Unbecoming: the Fracturing of Adolescent Development considers the potential of a digital adolescence while taking seriously the vulnerability of crucial skills and experiences that may be lost or undeveloped in the transition from adolescence into adulthood for today’s teens. For some adolescents, the questions of identity development will be fleshed out online in positive ways. But for a larger set, the social media rewards of developing a curated inauthentic self will obscure that process, fracturing teens’ development of a healthy body image, their attention to academic and cognitive tasks, the development of authentic friendships, romantic relationships and their sexual health. Drawing on recent research and clinical vignettes, we will consider the particular benefits of analytic co-presence when working with teens who are living their lives mostly online. We will identify the relational and developmental struggles of this nascent generation of young adults, while deepening our understanding of how analytic engagement can now, more than ever, help teens discover themselves more fully, anchoring them through this “unmooring” time.
About the Speaker:
Dr. Danielle Magaldi is a practicing psychologist and an Associate Professor of Special Education at the City University of New York, Lehman College. She has authored numerous chapters and articles on the impact of new technologies on our many relationships: family connections, romantic attachments, and the therapeutic dyad. Currently she leads the Tech & Teens Research Lab which explores how technology is reshaping adolescent development, and she presents widely on this topic. Dr. Magaldi is an analytic candidate at New York University’s Post-doctoral Program in Psychotherapy and Psychoanalysis. She supervises early career clinicians, as well as maintaining a private practice in Greenwich Village and Park Slope, Brooklyn, working with children, adolescents, adults and couples.
Learning Objectives: At the end of this program, participants will be able to:
understand the ways social media engagement is impacting learning and academic outcomes for adolescents, including defining task switching and outlining the attentional issues involved.
identify the ways teens are using social media for connection and communication.
identify the possibilities within analytic co-presence and the analytic relationship for working with teens in the current digital landscape.
recognize differences in the technologically-mediated simulations of traditional physically co-present relationships with the benefit of in-person therapy.

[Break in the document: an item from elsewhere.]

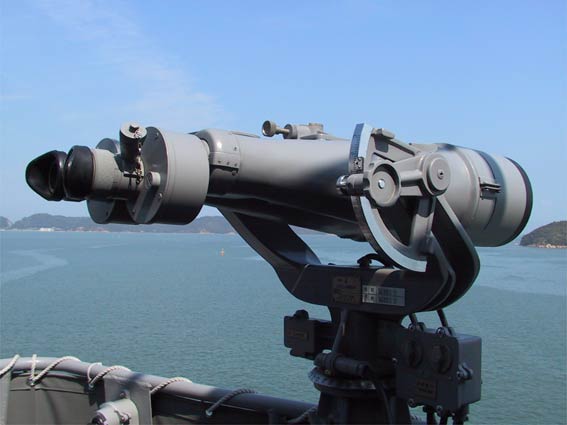 binoculars_03.jpg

identify how teens’ social development is impacted by social media use and define “technoference.”
identify how teens’ body image and sexual health are impacted by social media use.

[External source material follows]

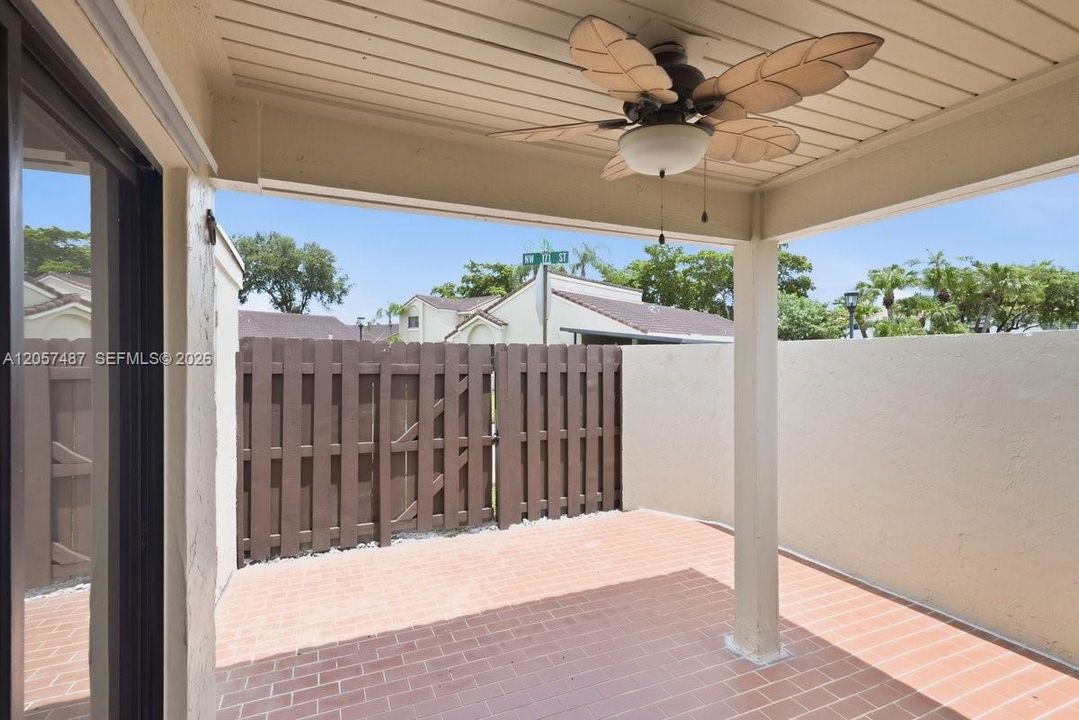 For Sale: $380,000 (2 beds, 2 baths, 932 Square Feet)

Who should attend? Mental health professionals: psychiatrists, psychologists, clinical social workers, licensed professional counselors, pastoral counselors, as well as persons with an interest in psycho-dynamic and psychoanalytic thinking and application. The instructional level of this activity is advanced.
CE Credits: CE credits are granted to participants with documented attendance and completed evaluation forms. Attendance is monitored. Credits will not be granted to registrants who arrive late or depart early. Credits will be granted to participants who submit a completed evaluation form at the end of the session. It is the responsibility of participants to comply with these requirements. Upon completion of this program and the evaluation form, participants will be given 3 CE credits.

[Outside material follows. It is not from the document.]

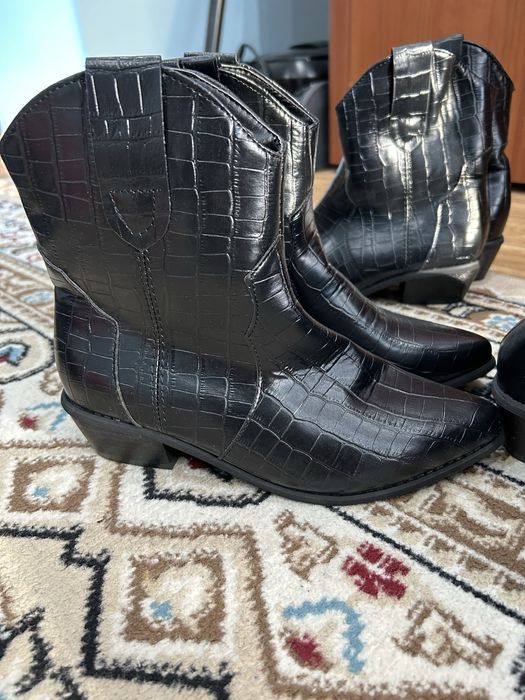 Продам  сапожки  осень  распрадажа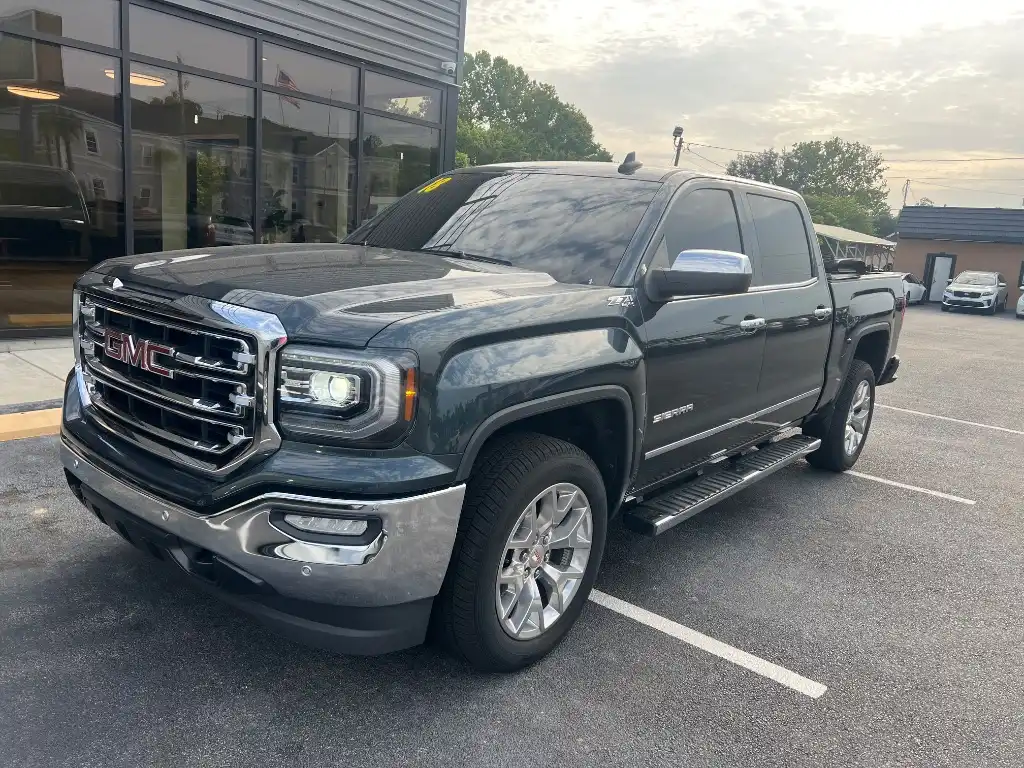 2018 GMC Sierra 4WD Crew Cab Short Box SLT's photo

The Baltimore Society for Psychoanalytic Studies (BSPS) is a local chapter of Division 39 of the American Psychological Association. Division 39 is approved by the American Psychological Association to sponsor continuing education for psychologists. Division 39 maintains responsibility for this program and its content. BSPS is also recognized by the Maryland Board of Social Work Examiners as a sponsor of continuing education programs.
Registration: Make checks payable to “BSPS” and mail to: BSPS, PO Box 20910, Baltimore, MD 21209-0910.
Please print and fill out the Registration Form and, if you chose it, the Membership form sent to your email and also on our website and return with your check. We will send the log-on link and password the week prior to the conference to all registrants who sign up for Zoom. Evaluation forms will be sent to all participants via email when the conference has ended. CEU certificates will be sent after the evaluations have been collected.
Deadline for this conference is: February 26, 2024. If you cannot ensure your check will arrive in time, contact us before that date (contactbsps@BSPSmaryland.org).
Refund Policy: Please note that registration fees are not refundable. If you cannot attend a conference for which you have already paid, we can apply your payment to an upcoming conference within the same conference calendar year (September to May).
Important disclosure information: None of the planners and presenters of this CE program have any relevant financial relationships to disclose.